Large random read db.Get request simultaneously cause OOM

jimmyyan commented 1 year ago

We use pebble as a backend storage of our service, but when large random read comes(invokded by db.Get()), the pebble will alloc large amount of memory cause the process OOM. we would wonder know if there have some options to control the memory usage.

we traced the heap memory using by pebble, large memory alloced from the cache.newValue() in readBlock function.

BTW，we have set the max size of cache to 3GB, and block size be set to 16KB.

Jira issue: PEBBLE-87

jimmyyan commented 1 year ago

[2023/10/31 11:18:58.027 +08:00] [INFO] [meta_engine_pebble.go:569] ["pebble engine metrics "] [fsId=f14mcarbnoqb] [Metrics=" | | | | ingested | moved | written | | amp | multilevel\nlevel | tables size val-bl vtables | score | in | tables size | tables size | tables size | read | r w | top in read\n------+-----------------------------+-------+-------+--------------+--------------+--------------+-------+----------+------------------\n 0 | 0 0B 0B 0 | 0.00 | 14GB | 0 0B | 0 0B | 286 14GB | 5.3GB | 0 1.0 | 0B 0B 0B\n 1 | 0 0B 0B 0 | 0.00 | 0B | 0 0B | 0 0B | 0 0B | 0B | 0 0.0 | 0B 0B 0B\n 2 | 0 0B 0B 0 | 0.00 | 0B | 0 0B | 0 0B | 0 0B | 0B | 0 0.0 | 0B 0B 0B\n 3 | 0 0B 0B 0 | 0.00 | 0B | 0 0B | 0 0B | 0 0B | 0B | 0 0.0 | 0B 0B 0B\n 4 | 1 67MB 0B 0 | 0.17 | 4.2GB | 0 0B | 1 65MB | 70 7.9GB | 7.9GB | 1 1.9 | 0B 0B 0B\n 5 | 10 1.4GB 0B 0 | 0.80 | 6.8GB | 0 0B | 11 1.0GB | 98 12GB | 12GB | 1 1.8 | 0B 0B 0B\n 6 | 31 7.0GB 0B 0 | - | 7.4GB | 0 0B | 0 0B | 93 18GB | 19GB | 1 2.5 | 746MB 3.2GB 9.0GB\ntotal | 42 8.4GB 0B 0 | - | 14GB | 0 0B | 12 1.1GB | 547 67GB | 44GB | 3 4.7 | 746MB 3.2GB 9.0GB\n---------------------------------------------------------------------------------------------------------------------------------------\nWAL: 1 files (0B) in: 0B written: 14GB (0% overhead)\nFlushes: 33\nCompactions: 130 estimated debt: 0B in progress: 0 (0B)\n default: 118 delete: 0 elision: 0 move: 12 read: 0 rewrite: 0 multi-level: 6\nMemTables: 1 (64MB) zombie: 1 (64MB)\nZombie tables: 0 (0B)\nBacking tables: 0 (0B)\nVirtual tables: 0 (0B)\nBlock cache: 151 entries (7.1MB) hit rate: 15.1%\nTable cache: 37 entries (29KB) hit rate: 99.9%\nSecondary cache: 0 entries (0B) hit rate: 0.0%\nSnapshots: 0 earliest seq num: 0\nTable iters: 1\nFilter utility: 98.4%\nIngestions: 0 as flushable: 0 (0B in 0 tables)\n"]

The metrics above shows that the block cache hit rate is very low, block cache size is also not high。

jimmyyan commented 1 year ago

we got the reason of oom. db.Get() using bloom filter to optimze block read. our targe_file_size config is 64MB, L6 level is 4GB, which result the filter block is so large(6MB-12MB).

from reading the code，we knew that the filter was not cached when read finished，so that large code read will lead the filter block read repeated incresing the memory usage.

Is there any consideration that how much target_file_size should i set to avoid the large filter? and why filter block is not cached?

jbowens commented 1 year ago

from reading the code，we knew that the filter was not cached when read finished

This is not correct.
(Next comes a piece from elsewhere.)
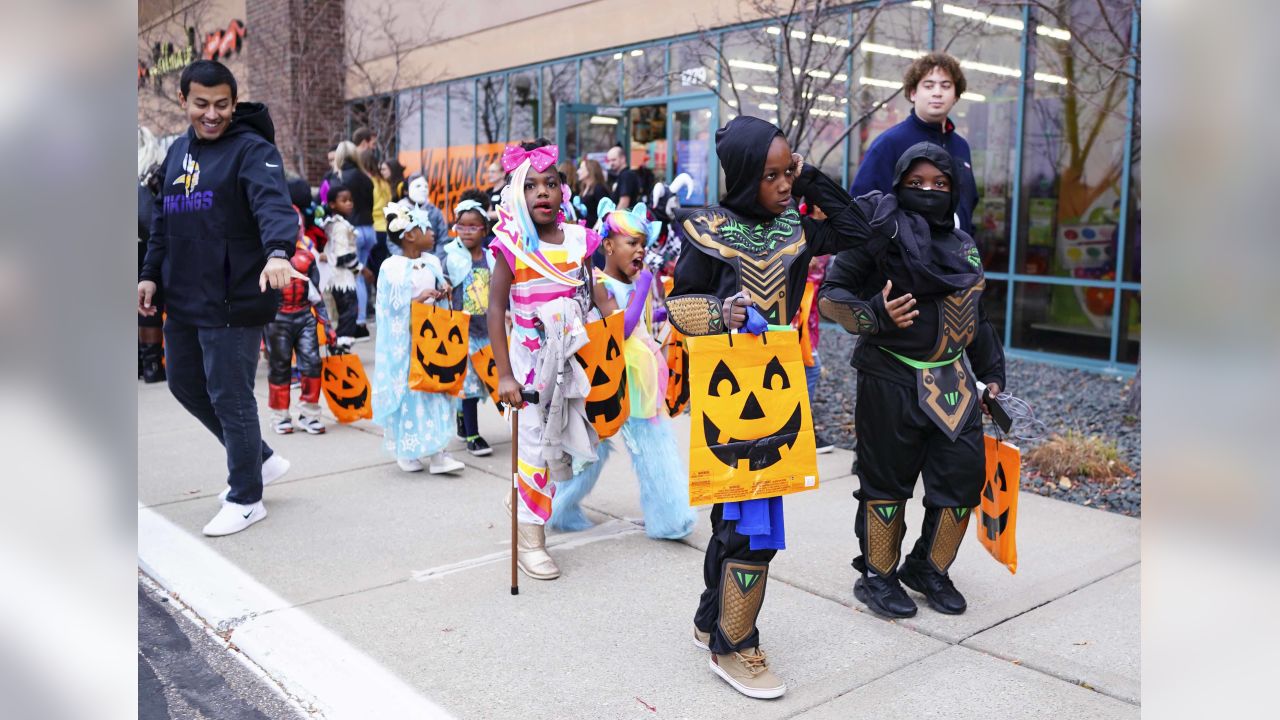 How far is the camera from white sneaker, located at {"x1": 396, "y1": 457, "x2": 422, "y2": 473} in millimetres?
6637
Reading the filter block uses readBlock which will add the filter block to the block cache on misses, and pull the block from the block cache on hits.

How many bits per key are you configuring the filter to use? Fewer bits per-key will reduce the size the filter block at the cost of less utility.

which result the filter block is so large(6MB-12MB).

I do not understand how a filter block of that size could result in OOM unless you're running in a very memory constrained environment.

jimmyyan commented 1 year ago

@jbowens Thanks for your replying。 You are right, the filter block also will be cached. the bits per key is set to 10.

But when the cpu and memory goes high, the flame graph of heap shows that the most memory usage parts goes from the readBlock function, and the alloced object is 6.3MB。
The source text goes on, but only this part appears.